* Dataset content
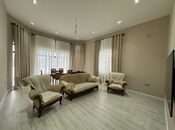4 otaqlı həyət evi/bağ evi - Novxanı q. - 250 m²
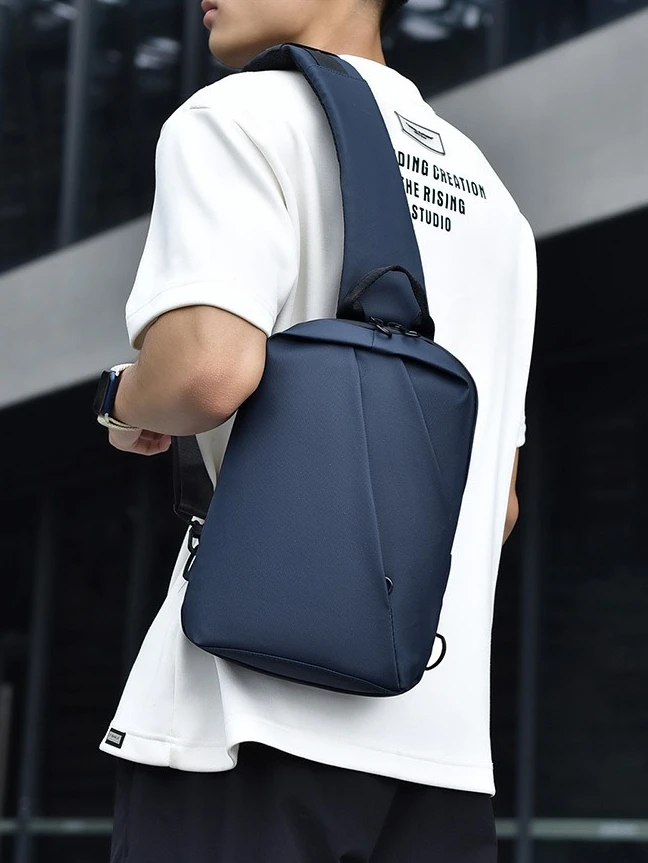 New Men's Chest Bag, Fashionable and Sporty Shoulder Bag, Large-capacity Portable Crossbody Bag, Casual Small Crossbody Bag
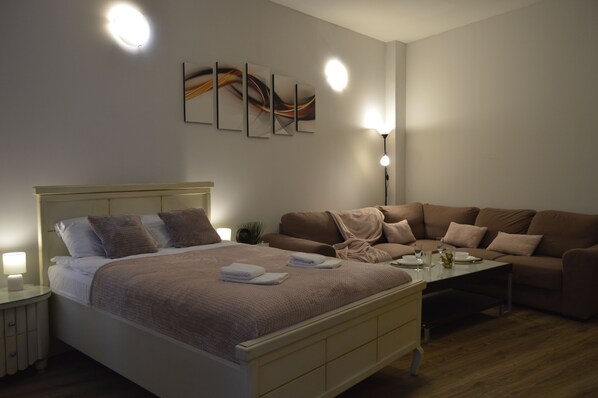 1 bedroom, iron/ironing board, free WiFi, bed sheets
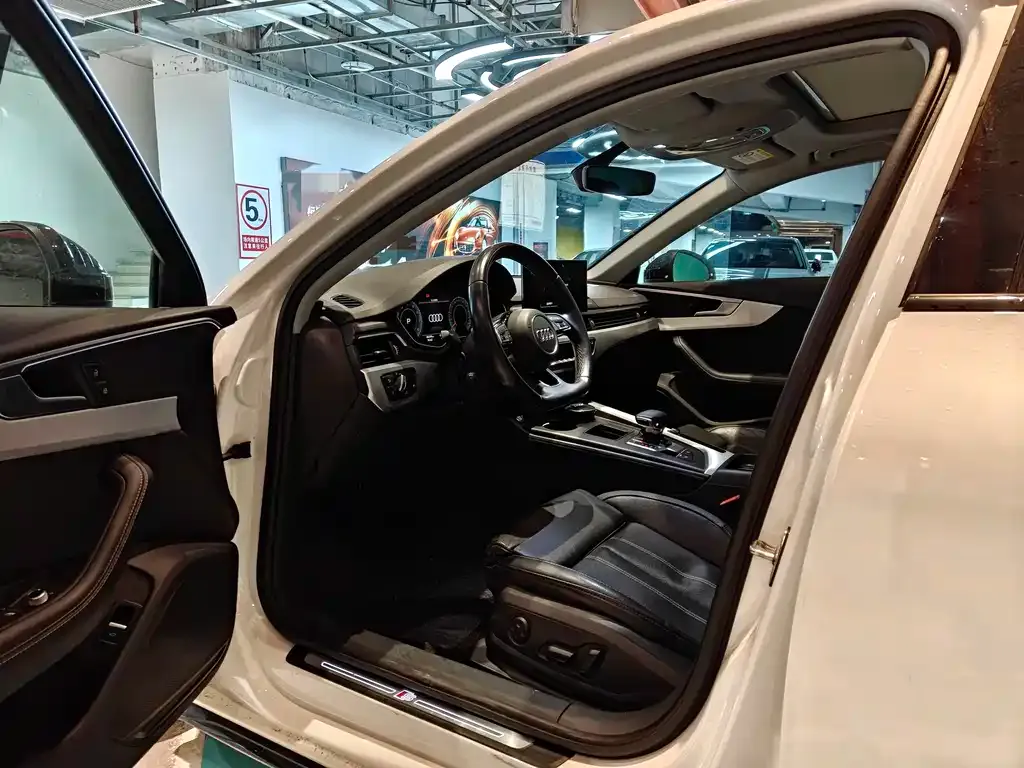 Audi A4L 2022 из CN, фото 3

* Task item
Word-for-word transcript, pictures excluded: copy all the material above.

* Task result
4 otaqlı həyət evi/bağ evi - Novxanı q. - 250 m²
 New Men's Chest Bag, Fashionable and Sporty Shoulder Bag, Large-capacity Portable Crossbody Bag, Casual Small Crossbody Bag
 1 bedroom, iron/ironing board, free WiFi, bed sheets
 Audi A4L 2022 из CN, фото 3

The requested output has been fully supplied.